***** SOURCE DATA

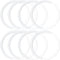 8 Pack Universal Metal Rings Sticker Compatible for Magsafe Magnetic Wireless Charger iPhone 15 14 13 12 Pro Mini Max Galaxy, Ultra-Thin Car Charg...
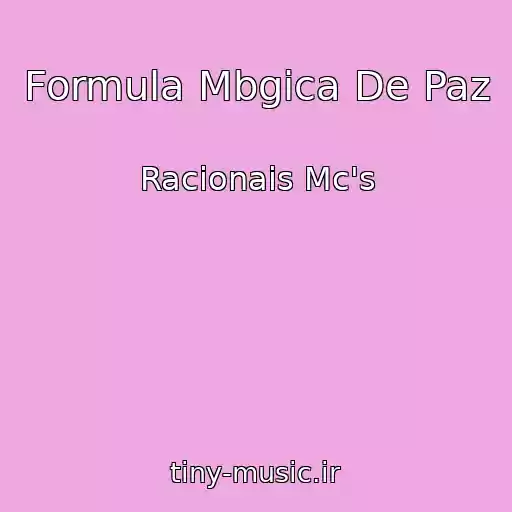 کاور آهنگ Formula Mbgica De Paz از Racionais Mc's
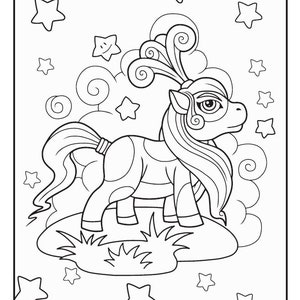 21 Unicorn Coloring Pages for Kids | Etsy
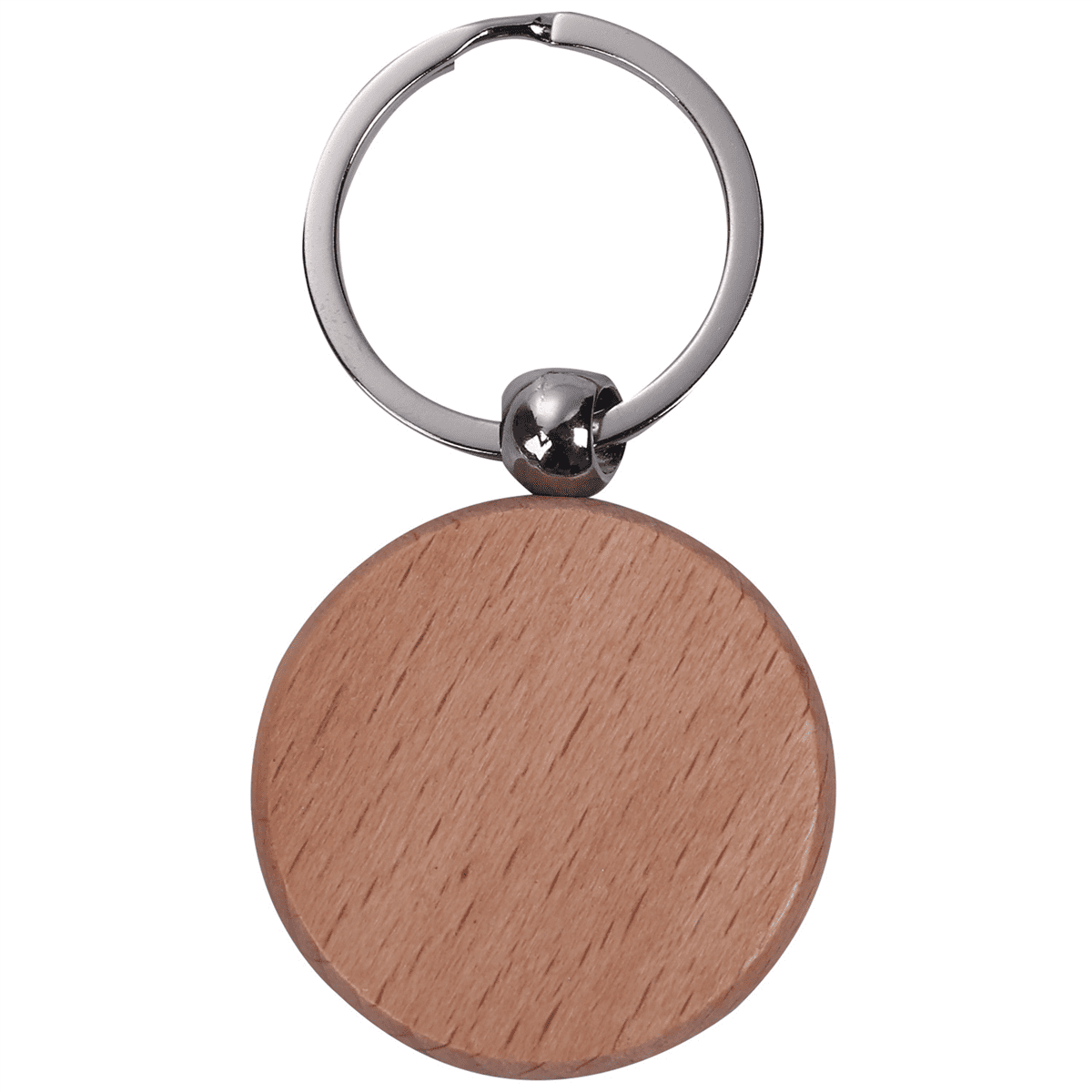 100 Pcs Blank Wood Wooden Keychain DIY Custom Wood Key Chains Key Tags Anti Lost Wood Accessories Gifts (Mixed Design)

**********

* _THE TASK_
With the pictures removed, write the listing out word for word.

* _ANSWER FOR THE TASK_
 8 Pack Universal Metal Rings Sticker Compatible for Magsafe Magnetic Wireless Charger iPhone 15 14 13 12 Pro Mini Max Galaxy, Ultra-Thin Car Charg...
 کاور آهنگ Formula Mbgica De Paz از Racionais Mc's
 21 Unicorn Coloring Pages for Kids | Etsy
 100 Pcs Blank Wood Wooden Keychain DIY Custom Wood Key Chains Key Tags Anti Lost Wood Accessories Gifts (Mixed Design)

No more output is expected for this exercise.